**THE TASK**
Please leave out pictures and print exactly the lines from the one that has "ancora&rdquo;: &egrave; campanilemania" through the last line of the material below.

———

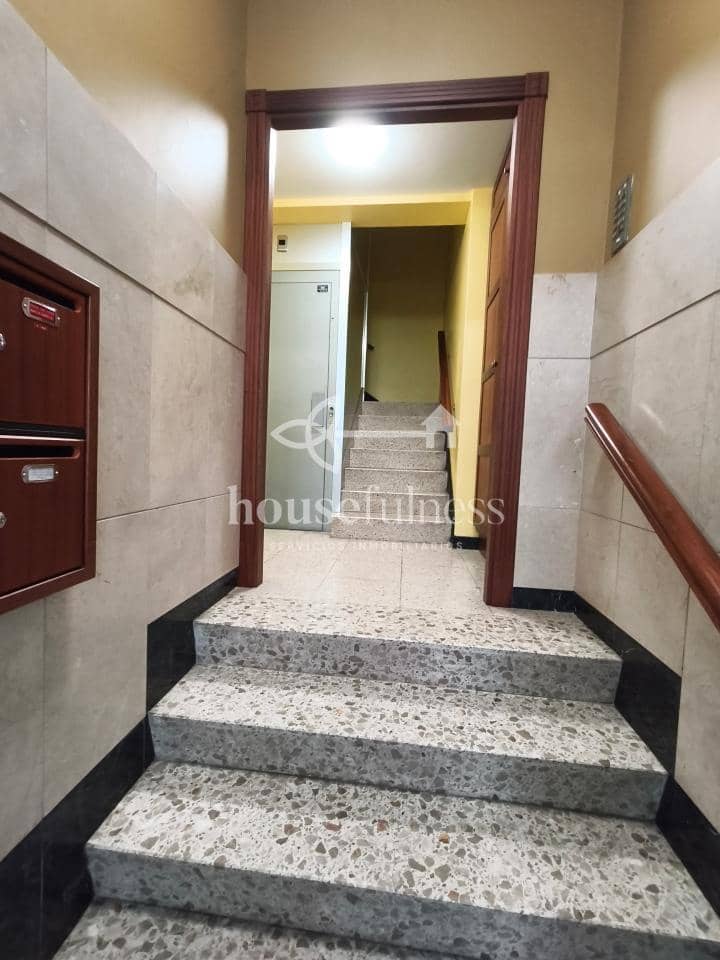 3 bedroom Flat for sale in Ferrol - € 180,000 (Ref: 10020250)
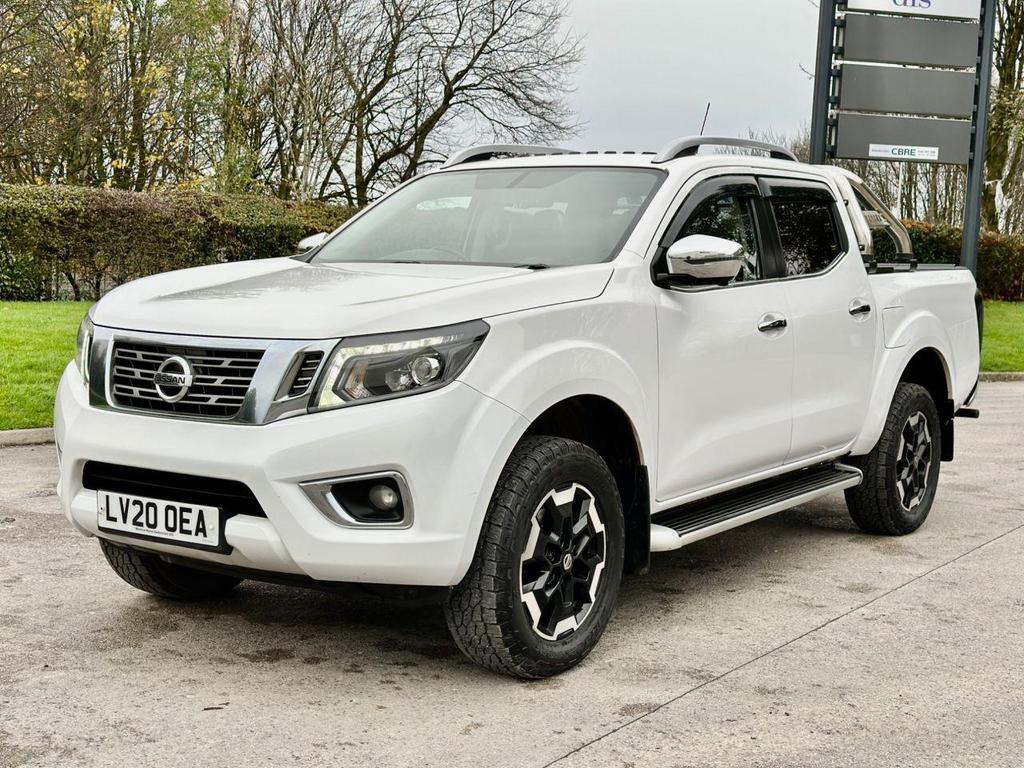 NISSAN Navara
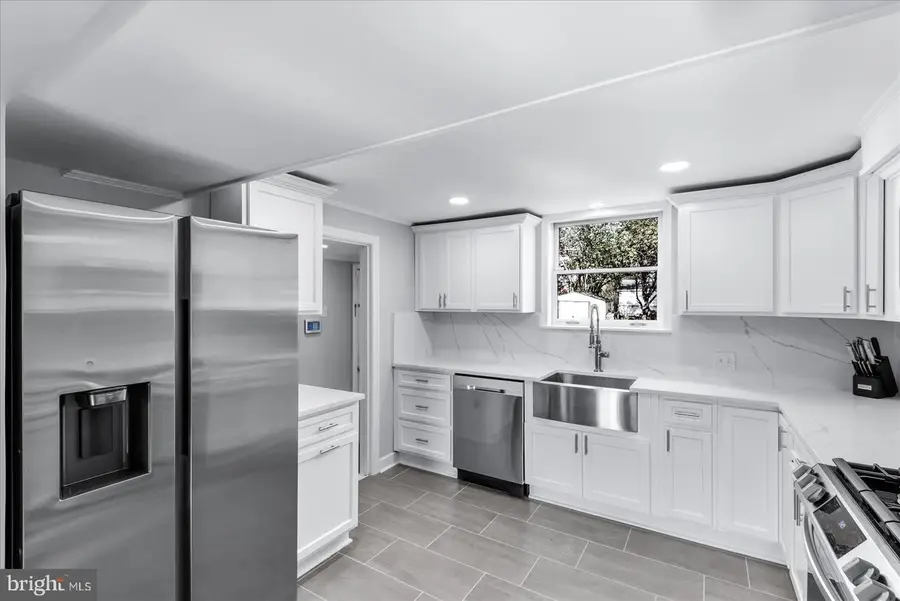 5806 S Crestwood Ave, Richmond, VA 23226 - #3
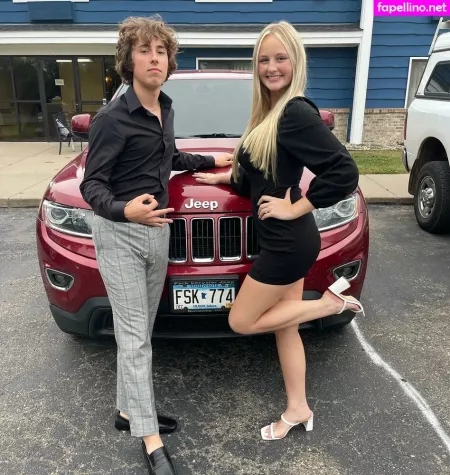 Anya Truax OnlyFans Thumbnail #9Z9EFUSUnx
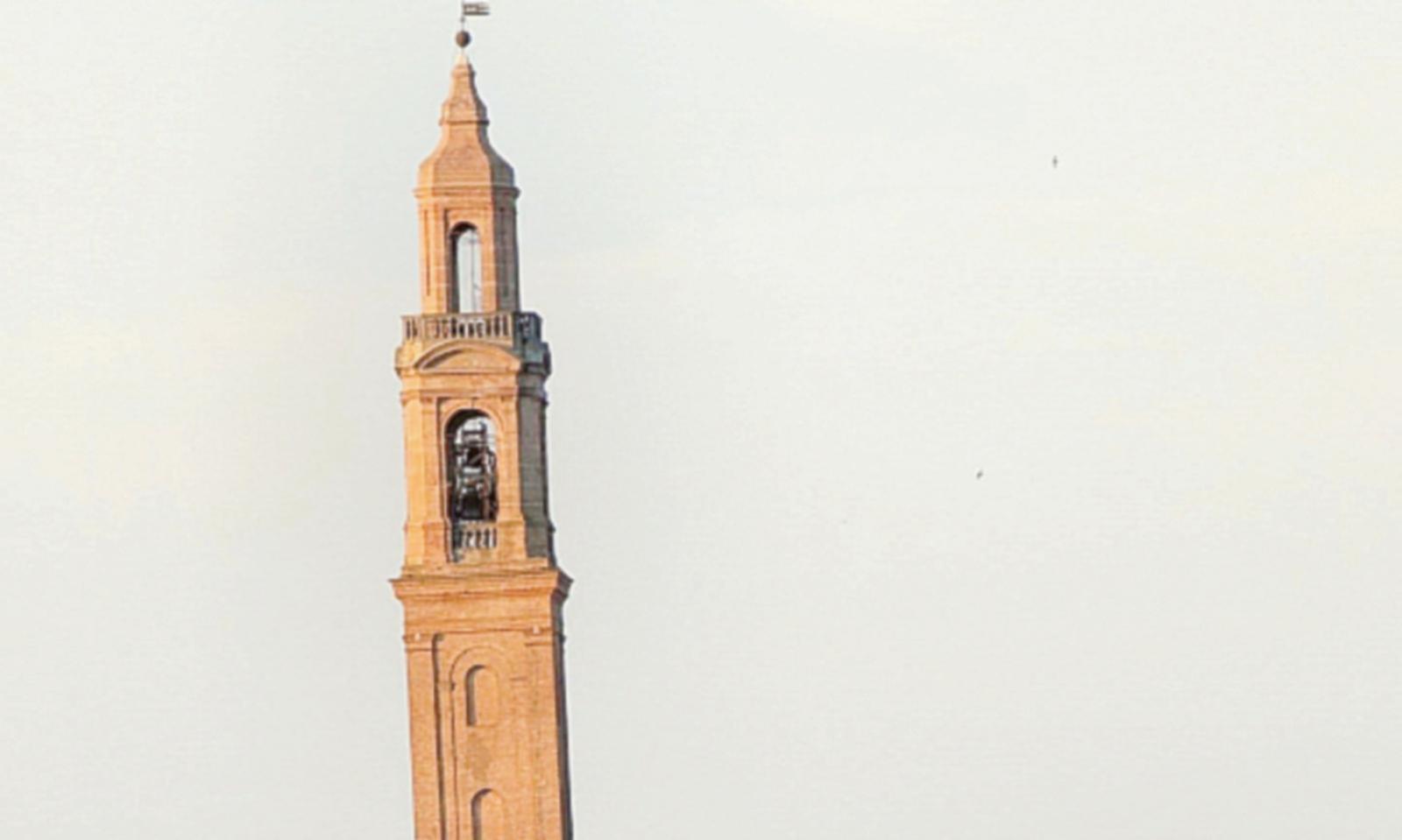 &ldquo;Pende ancora&rdquo;: &egrave; campanilemania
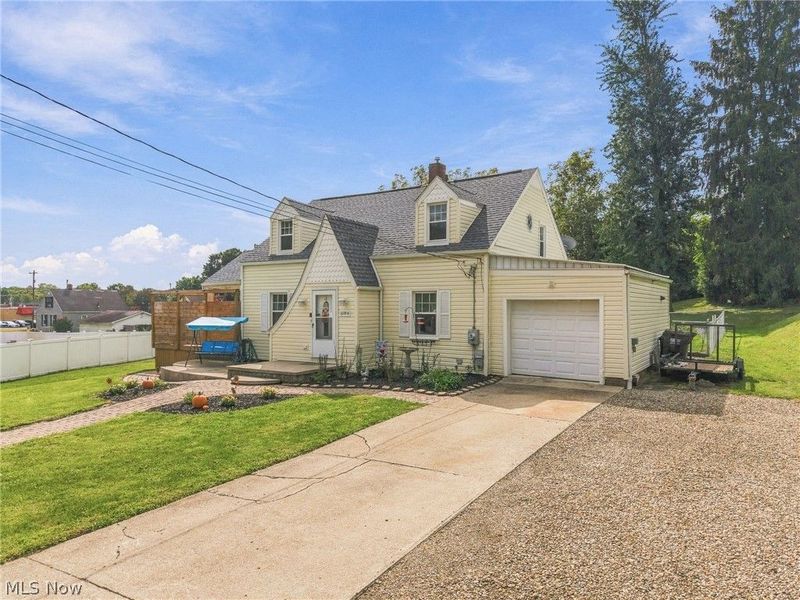 122 37th Street SW, Canton, OH 44706 Photo 2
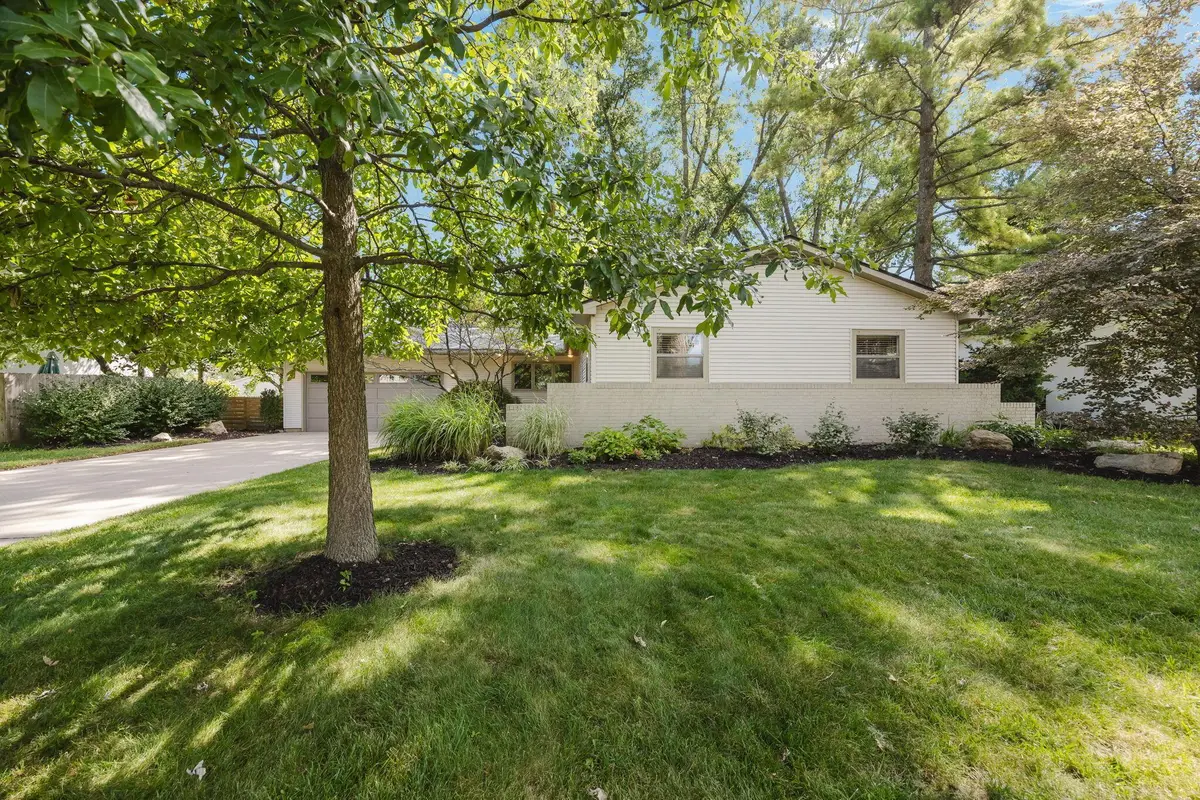 4116 Ruxton Lane, Columbus, OH 43220 - #1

———

**FINAL ANSWER**
 &ldquo;Pende ancora&rdquo;: &egrave; campanilemania
 122 37th Street SW, Canton, OH 44706 Photo 2
 4116 Ruxton Lane, Columbus, OH 43220 - #1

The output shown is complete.